▶ WHAT THE TASK REQUIRES
The result should be the lines from the one holding "Carrier condenser repair" to the final line of the records, retyped exactly.

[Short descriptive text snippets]
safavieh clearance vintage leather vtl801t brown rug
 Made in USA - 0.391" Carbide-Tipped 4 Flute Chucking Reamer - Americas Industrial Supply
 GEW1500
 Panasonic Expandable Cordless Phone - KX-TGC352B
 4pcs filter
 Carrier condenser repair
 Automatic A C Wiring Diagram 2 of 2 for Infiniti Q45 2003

▶ WRITTEN RESPONSE
 Carrier condenser repair
 Automatic A C Wiring Diagram 2 of 2 for Infiniti Q45 2003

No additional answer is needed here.